Mix Tape by Brett Witty [Comp05]

IFDB page: Mix Tape
Final placement: 18th place (of 36) in the 2005 Interactive Fiction Competition

The blurb for this game brought a big smile to my face:

For those with a love of music, creating a mixtape can be a genuine form of poetry. When someone cannot create the right words to express their love, rejection, loss or hope, they may find them in their favourite artists. This is my Mix Tape.

“Yeah,” I thought, “I’m part of the target audience.” As an 80’s kid, mix tapes were right in my wheelhouse. Nick Hornby is less so, but the game still endeared itself to me by starting off with two Hornby homages in rapid sequence — a quote from High Fidelity (albeit the movie, not the book), and a shout-out to Ben Folds Five’s “Smoke”, a Hornby favorite highlighted in Songbook, from an artist with whom Hornby would later have a Taupin/John style collaboration. The game’s writing is good, not just free of errors but evoking a strong mood and involving the senses. “Oh yeah,” I think, “I’m going to love this.”

Cut to 30 minutes later, and I cannot wait to break up with this game. Basically, the honeymoon ended the moment I tried to do anything outside the exact path the game was expecting. Twentysomething drama spins up almost immediately around the mix tape concept, which is fine — I have experienced my fair share of mix tapes, twentysomething drama, and mix tapes about twentysomething drama — but it turns out the drama is very fragile. My overwrought boyfriend has brought me up to a mountaintop so we can ceremoniously tear out and burn pages from our relationship scrapbook (ugh), but because I didn’t follow the path dictated by the walkthrough, the game and I are at an impasse. Behold:

>talk to peter
“Um, Peter?” you ask.

He quietly turns to face you, and nods, letting you speak further.

(You could ask him why you are here.)

>peter, why am I here
The story doesn’t understand that command.

>ask peter about why I am here
Peter interrupts you. “Valentine, we have to concentrate on this. On our relationship. Do you understand what we need to do?”

>no
Peter does not respond.

>peter, no
Peter does not respond.

Turns out the game was waiting for the bizarre command “ask him why you are here”, which feels very confused — who’s the “you” in that scenario, when the game itself addresses the player/character as you? Surely that’s not how the player/character would refer to herself? But it got worse. He asked if I was ready to burn the book, and I said no. From there, it appears I entered an unwinnable state, though the game’s obtuseness disguised that for a while.

>s
You haven’t finished what you’ve come to do yet.

>x fire
A timid campfire whips its small fingers of flame about, sheltering as much as it can from the wind.

>put out fire
Done.

>x fire
A timid campfire whips its small fingers of flame about, sheltering as much as it can from the wind.

>ask peter about me
You mumble about me, but Peter doesn’t hear you. Or chooses not to respond.

>give scrapbook to peter
Peter does not appear interested.

>put scrapbook in fire
Peter stops you. “No wait... We should do this, you know, ceremoniously. Tear out a page at a time.”

>tear page
You don’t want to damage the book just yet.

>get page
You can’t have that; it’s part of your scrapbook.

>burn scrapbook
What do you want to light it with?

>fire
(first trying to light the campfire)
What do you want to light it with?

>tear out a page at a time
The story doesn’t understand that command.

>tear out a page
(the page)
You don’t want to damage the book just yet.

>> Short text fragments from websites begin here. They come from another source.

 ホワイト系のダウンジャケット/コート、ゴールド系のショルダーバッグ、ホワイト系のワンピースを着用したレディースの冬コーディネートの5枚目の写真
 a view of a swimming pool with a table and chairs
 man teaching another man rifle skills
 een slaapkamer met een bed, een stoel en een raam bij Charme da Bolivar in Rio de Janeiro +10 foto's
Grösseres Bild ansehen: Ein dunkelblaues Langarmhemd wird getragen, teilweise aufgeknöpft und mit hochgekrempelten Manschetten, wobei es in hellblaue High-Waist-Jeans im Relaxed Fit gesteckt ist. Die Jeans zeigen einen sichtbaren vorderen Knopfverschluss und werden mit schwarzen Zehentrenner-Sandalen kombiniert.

Not only did I absolutely want to damage the book, I wanted to damage the game. Instead, in an ironic twist, it was burning me instead, one move at a time.

Mix Tape is structured as a series of scenes, each of which is associated with a song. It’s a great structure for the concept, but it becomes maddening when you get trapped in a scene, because there’s nowhere else to go. On this count, the second scene was no better than the first. I’m going to go ahead and spoil the magic command that’s needed, which is “serve dinner”. Showing the dinner to Peter doesn’t work. Telling Peter about the dinner doesn’t work. And so on. Plus, Peter is a total jerk about the whole thing anyway, and Valentine is rock-stupid, like “can’t unlock a door from the inside” stupid.

The last several scenes go by much more smoothly, because they are mostly non-interactive — the kind of thing that propels itself forward no matter what you do. Normally I find that kind of thing irritating, but this time it really felt like a relief. Once I wasn’t stuck in guess-the-command hell, I was able to enjoy the writing, characterization, and scene-setting a little more. By this point, I didn’t find either of the characters sympathetic, but I could at least appreciate how lovingly the game portrays their dysfunction.

Moments like that make me sad about saying this, but Mix Tape, it’s just not going to work out between us. And it’s not me, it’s you.